About this task.
Reproduce the lines of the material exactly, excluding every image.

Extracted entries.
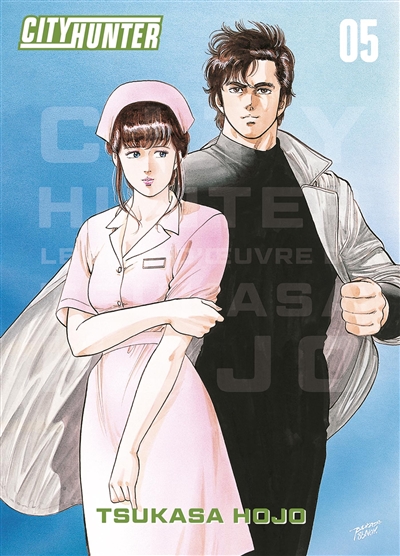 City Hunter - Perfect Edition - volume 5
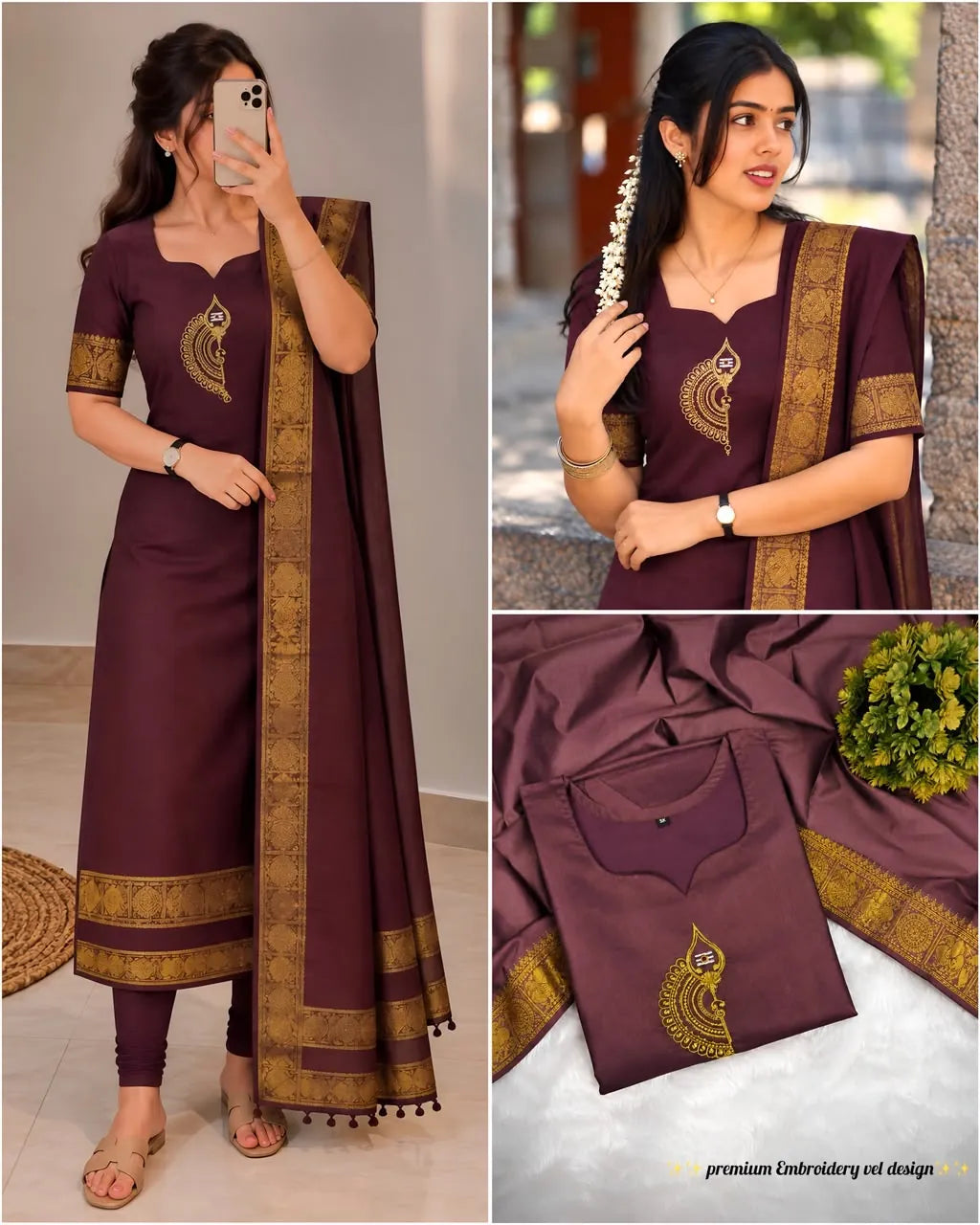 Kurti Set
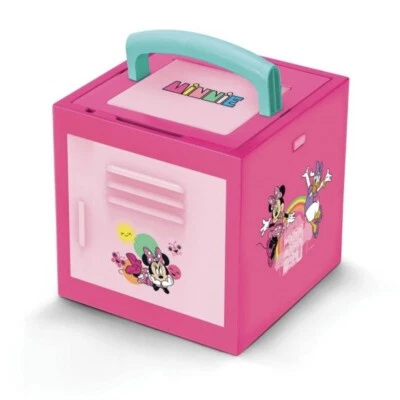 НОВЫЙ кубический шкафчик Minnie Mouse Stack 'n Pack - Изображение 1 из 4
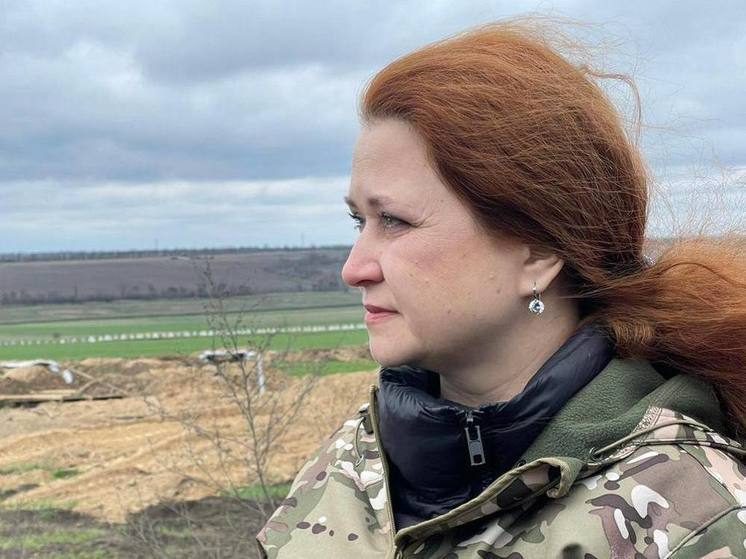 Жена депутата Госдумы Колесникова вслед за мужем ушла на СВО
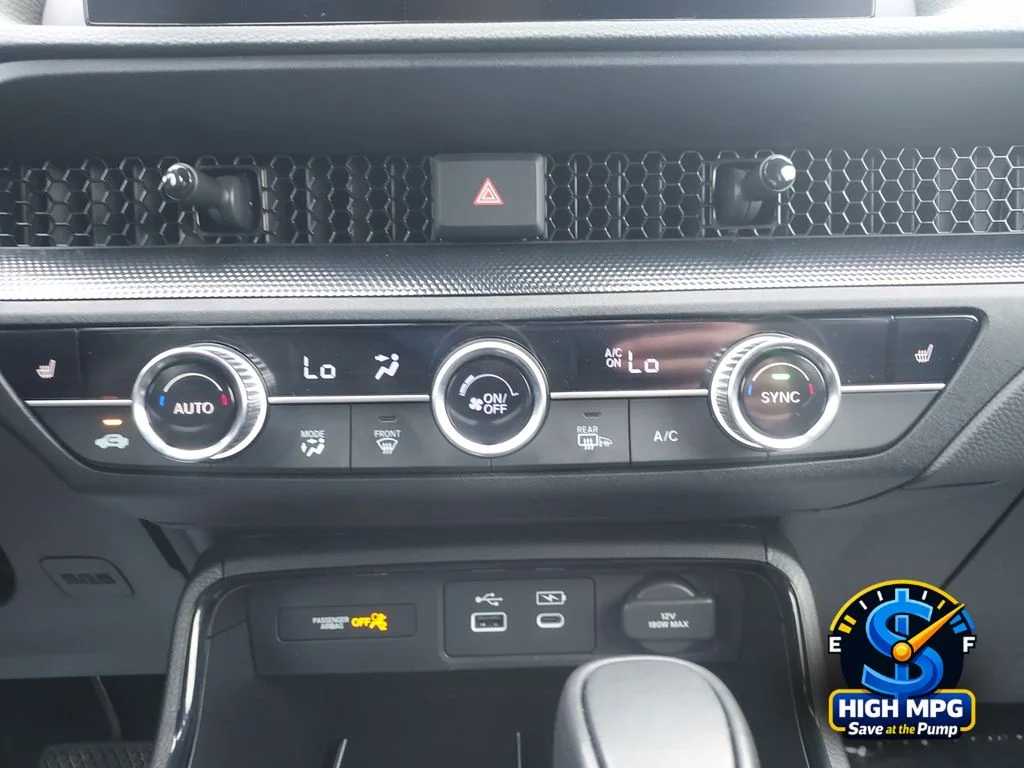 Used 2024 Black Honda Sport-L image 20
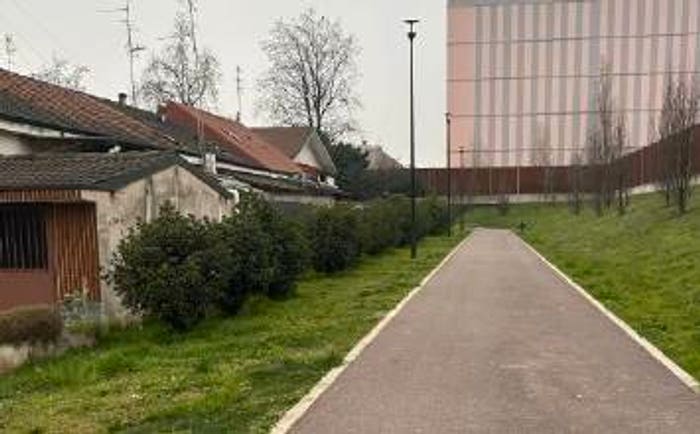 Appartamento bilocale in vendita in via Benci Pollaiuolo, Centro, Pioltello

Expected answer.
 City Hunter - Perfect Edition - volume 5
 Kurti Set
 НОВЫЙ кубический шкафчик Minnie Mouse Stack 'n Pack - Изображение 1 из 4
 Жена депутата Госдумы Колесникова вслед за мужем ушла на СВО
 Used 2024 Black Honda Sport-L image 20
 Appartamento bilocale in vendita in via Benci Pollaiuolo, Centro, Pioltello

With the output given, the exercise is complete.